From 1870-1895, and later (after the start of WWII), that remained pretty much the case. Sadly, once industry moved from the “rust belt” to the “sunshine states,” hard times would hit Clinton too. (Remember, however, that the Midwest still has one critical resource… water … another thing we must value and preserve.)
But our small centrally-located insular town’s “glory days” — a time when it was peopled by many mighty millionaires — faded fast. Clinton’s early elite were seen as “special” by most of the locals, but they’d actually grown up quite common themselves.
Owing to a lucky combination of intelligence, talent and timing, they were able to amass considerable fortunes in a relatively short timespan. They needed (and possessed) business acumen, forward vision and skills with people, as well as mechanical and building talents…all rolled into one.

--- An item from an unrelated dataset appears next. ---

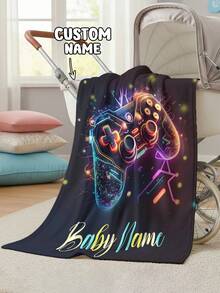 1pc Customized Personalized Blanket, Text Blanket, DIY Blanket, Pattern Blanket, Memorial Blanket. Tapestry, Photo Portrait Blanket Design, Suitable For Girls, Boys, Adults, Valentine's Day, Lightweight, Baby Blanket, Personalized Blanket, Personalized Photo Blanket, Personalized Throw Blanket, Personalized Baby Blanket, Newborn Blanket, Suitable For Mother's Day, Birthday, Children's Day, Father's Day, Graduation, Wedding, Christmas, Halloween - Multicolor - View 5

Most had tough personalities, which could flare up if provoked, but they also seemed innately aware of a need to take care of the common man, knowing that a successful community requires united “team” effort. These wealthy magnates didn’t like to give up control or pay too much for anything, but they did live on the same blocks as their workers, provided generously for public schools, recreation and the arts, and also served on school boards and other government offices. W.J. Young was once even Clinton’s mayor.
The Lamb family had an opulent lifestyle. They used the Mississippi as their private playground. They traveled on their private fleet of steamboats down to New Orleans and up to Frontenac, Minn., on Lake Pepin. Before leaving, they notified a local grocer to provide provisions for three months and load them on their steamboats. They stopped at all the towns along the way and they swam off of sand bars as they frolicked. The Wanderer and the Idler were pushed by powered boats like the Chaperone and the Summer Girl.